**WHAT THE TASK REQUIRES:** Transcribe exactly, please, the line bearing "WBXHU7C39J5H41747 - 2018" and all later lines through the end of the records, with the pictures left out.

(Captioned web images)
# # # # #
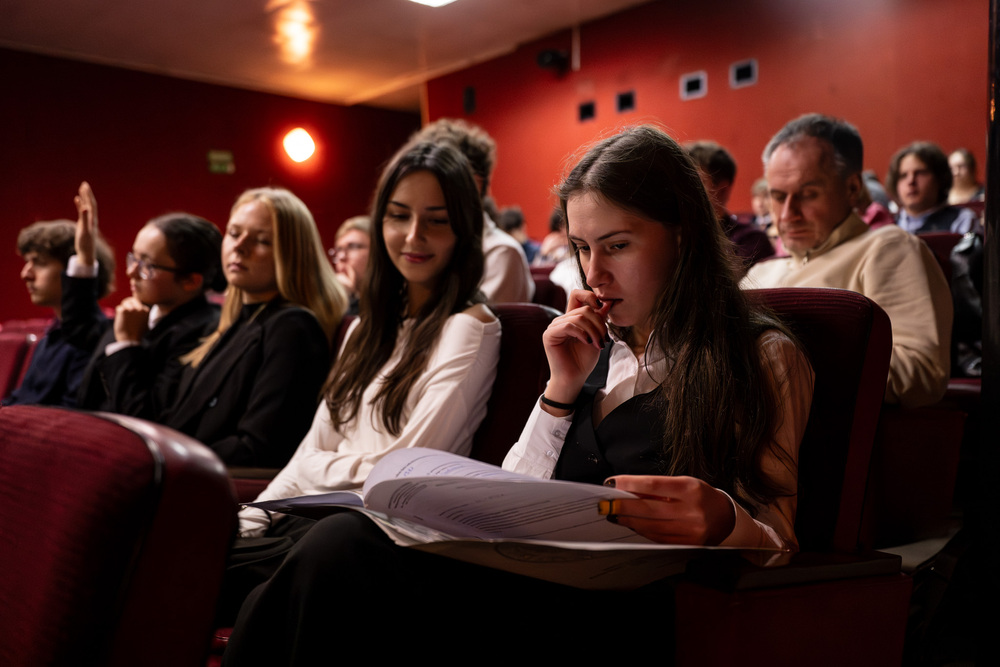 Finał XV Podbeskidzkiego Konkursu Historycznego „Solidarni” – Bielsko-Biała, 27 stycznia 2026. Fot.: IPN Krzysztof Łojko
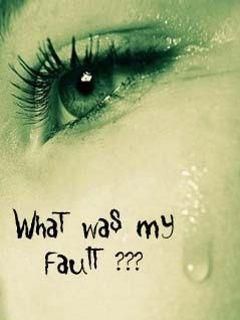 What Was My Fault?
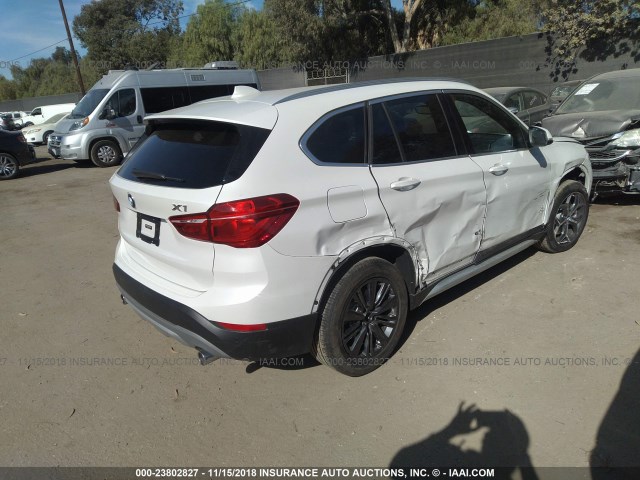 WBXHU7C39J5H41747 - 2018 BMW X1 SDRIVE28I WHITE photo 4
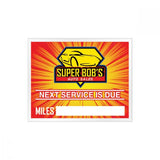 Custom Imprinted Service Loyalty Reminders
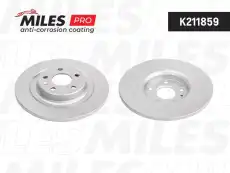 Тормозной диск MILES K211859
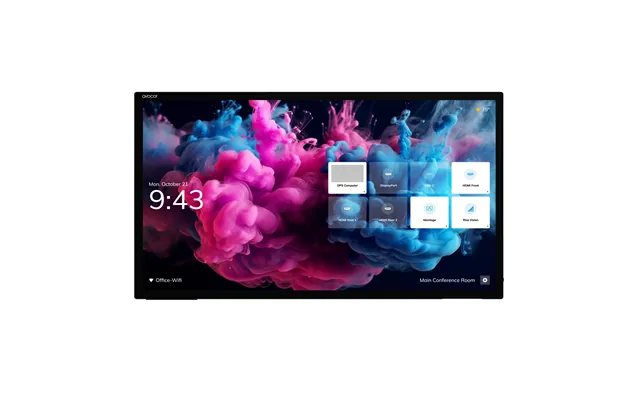 Avocor Avh-6520 H-series - 65 4k Pcap Led Interactive Display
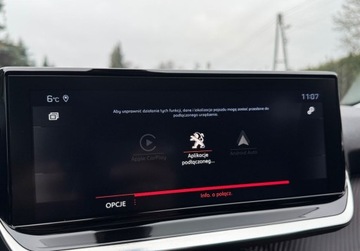 Peugeot 2008 II 2020 Peugeot 2008 Gt-Line Full Led Virtual Skora El.Fotele Kamera Panorama Gwar, zdjęcie 36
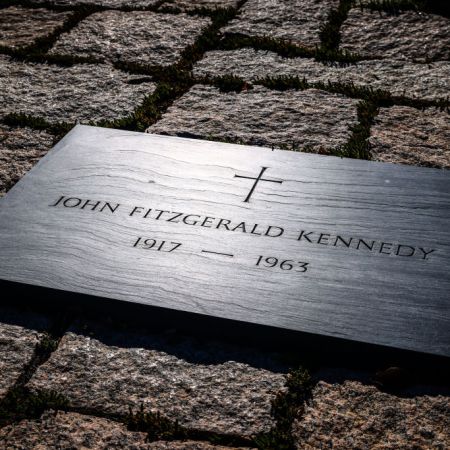 JFK headstone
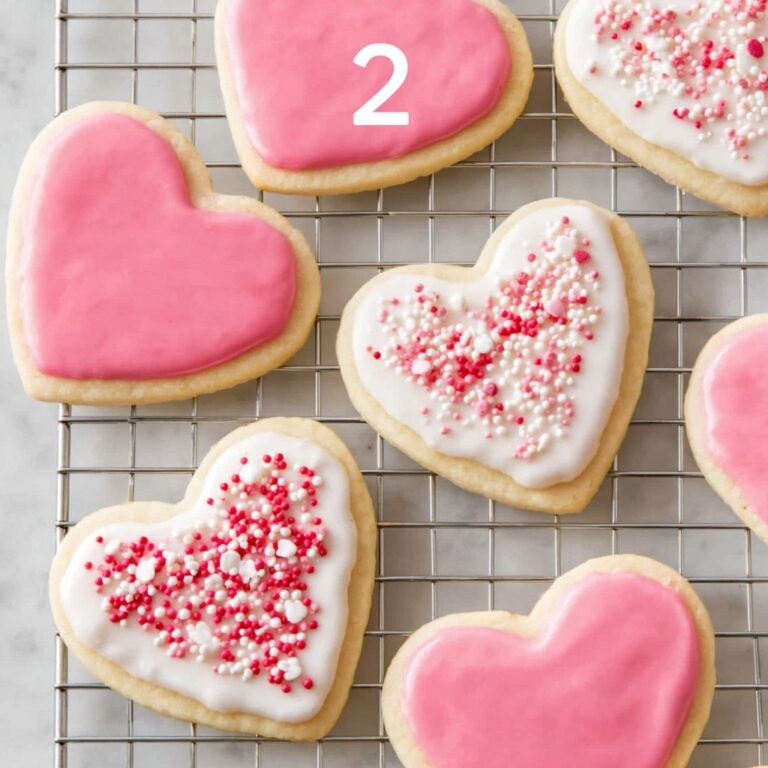 Valentine Sugar Cookies Recipe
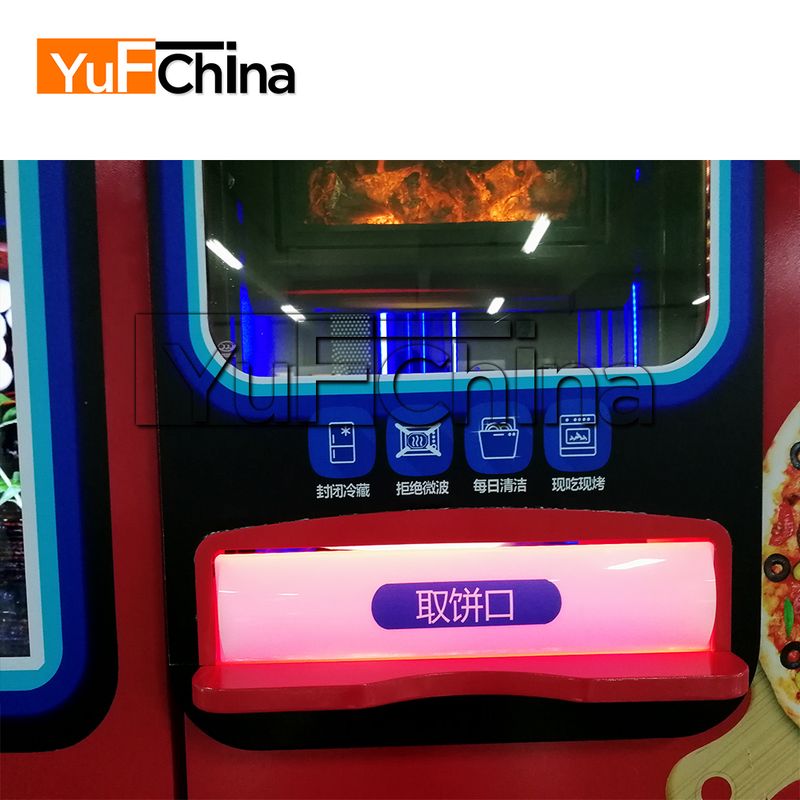 Pizza Vending Machine Price / Good Quality Automatic Pizza Vending Machine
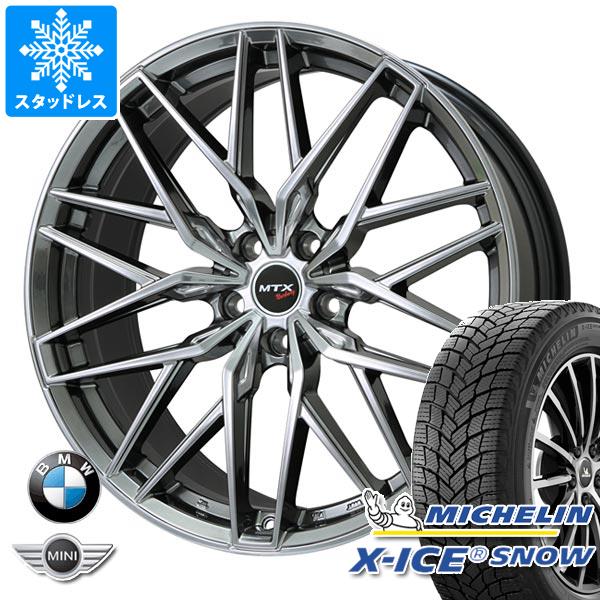 BMW G30/G31 5シリーズ用 スタッドレス ミシュラン エックスアイススノー 245/35R20 95H XL ユーロバーン ニュルブルグ MTX｜tire1ban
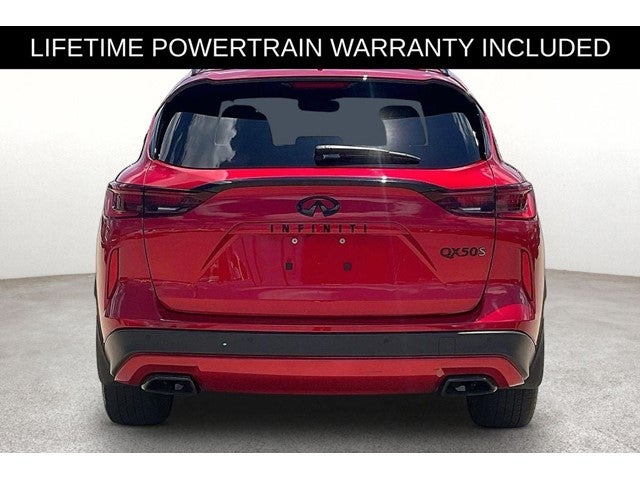 2023 INFINITI QX50 SPORT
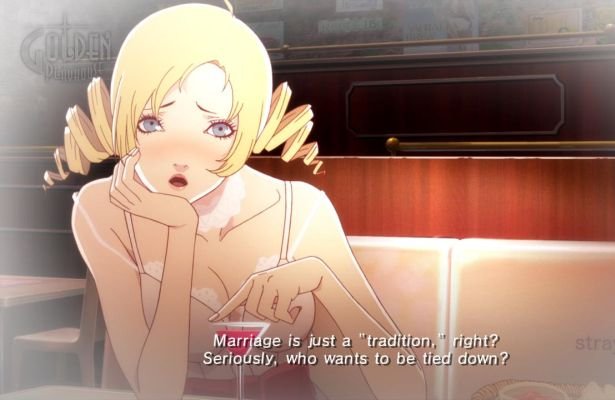 Catherine: Próbka angielskiego dubbingu [WIDEO]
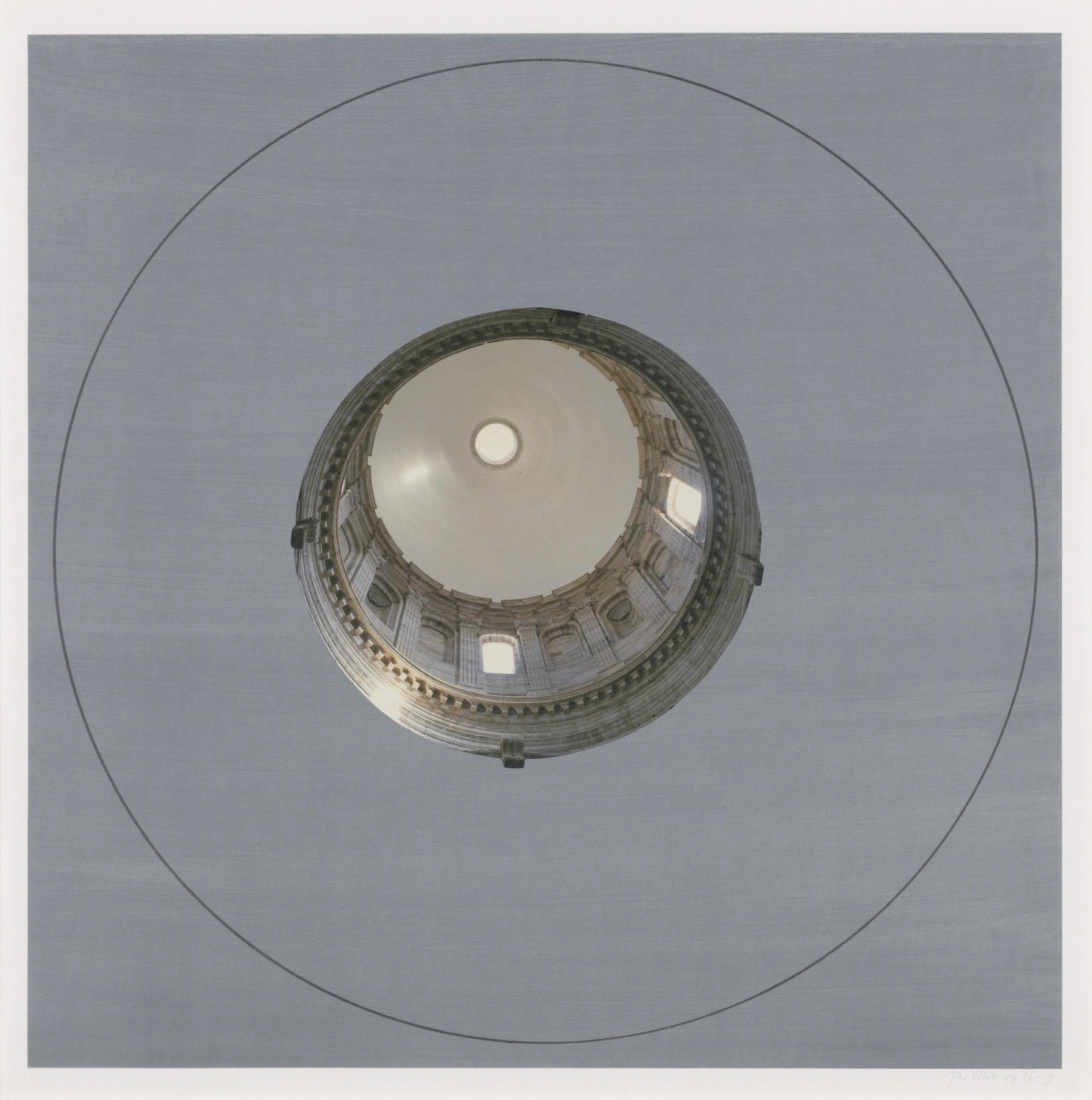 Jan Dibbets - Three Cupolas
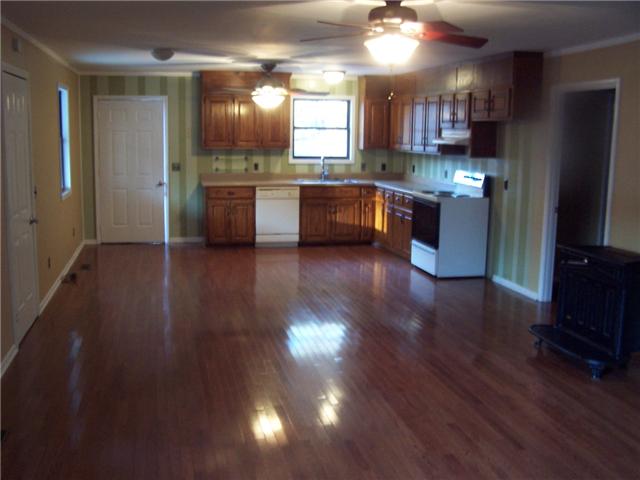 556 Lowe Branch Road Centerville, TN 37033 - Photo 20 of 20 Open floor plan, view from living room to kitchen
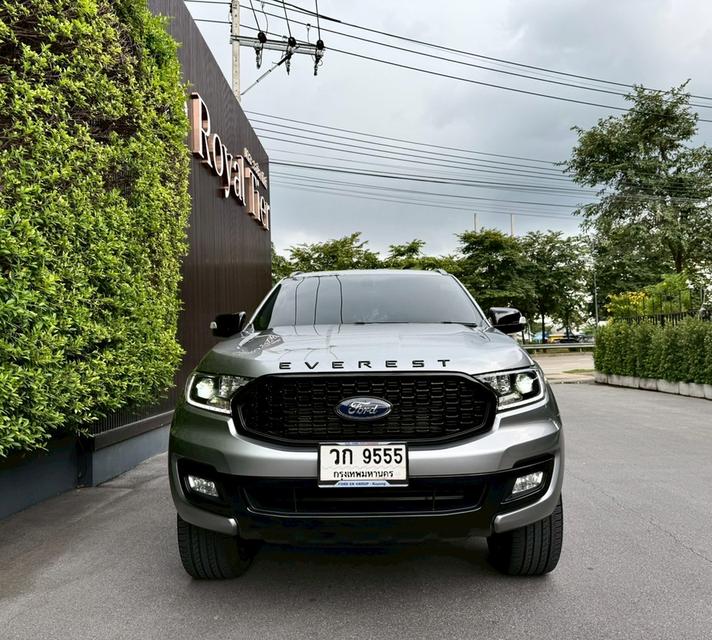 Ford Everest 2.0Turbo Sport ปี22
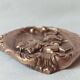 antique bronze ashtray bullfighting collection essential for smokers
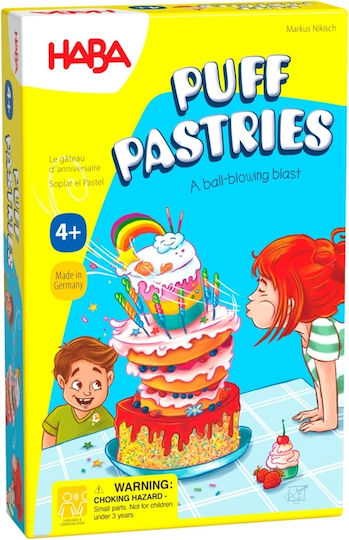 Επιτραπέζιο Παιχνίδι Puff Pastries για 1-4 Παίκτες 4+ Ετών Haba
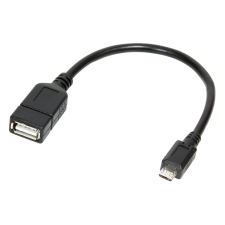 LogiLink - USB 2.0 micro OTG kábel - AA0035 kábel és adapter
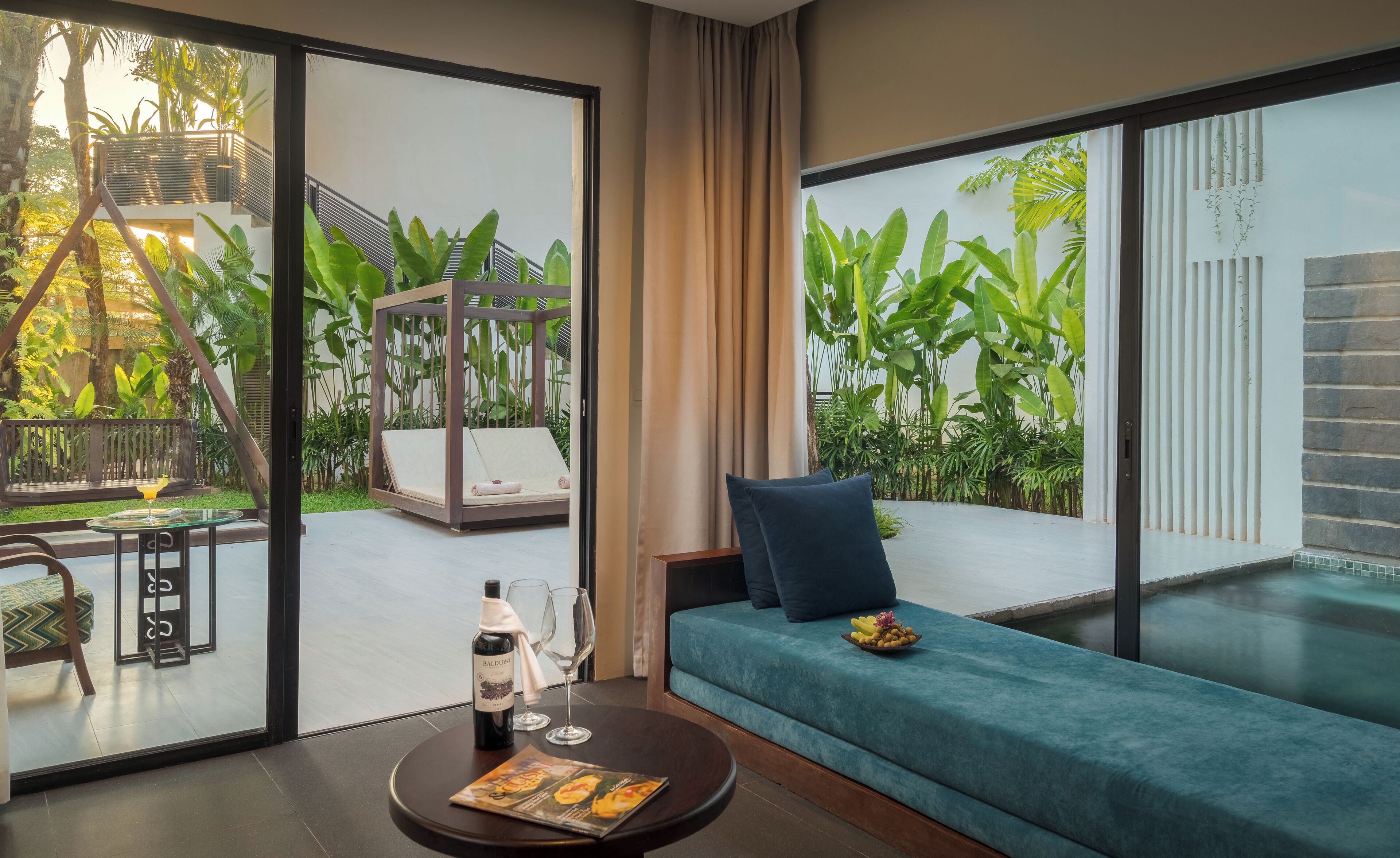 Familievilla, 2 soverom (Suite) | Privat basseng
# # # # #
**OUTPUT FOR THIS EXERCISE:**
 WBXHU7C39J5H41747 - 2018 BMW X1 SDRIVE28I WHITE photo 4
 Custom Imprinted Service Loyalty Reminders
 Тормозной диск MILES K211859
 Avocor Avh-6520 H-series - 65 4k Pcap Led Interactive Display
 Peugeot 2008 II 2020 Peugeot 2008 Gt-Line Full Led Virtual Skora El.Fotele Kamera Panorama Gwar, zdjęcie 36
 JFK headstone
 Valentine Sugar Cookies Recipe
 Pizza Vending Machine Price / Good Quality Automatic Pizza Vending Machine
 BMW G30/G31 5シリーズ用 スタッドレス ミシュラン エックスアイススノー 245/35R20 95H XL ユーロバーン ニュルブルグ MTX｜tire1ban
 2023 INFINITI QX50 SPORT
 Catherine: Próbka angielskiego dubbingu [WIDEO]
 Jan Dibbets - Three Cupolas
 556 Lowe Branch Road Centerville, TN 37033 - Photo 20 of 20 Open floor plan, view from living room to kitchen
 Ford Everest 2.0Turbo Sport ปี22
 antique bronze ashtray bullfighting collection essential for smokers
 Επιτραπέζιο Παιχνίδι Puff Pastries για 1-4 Παίκτες 4+ Ετών Haba
 LogiLink - USB 2.0 micro OTG kábel - AA0035 kábel és adapter
 Familievilla, 2 soverom (Suite) | Privat basseng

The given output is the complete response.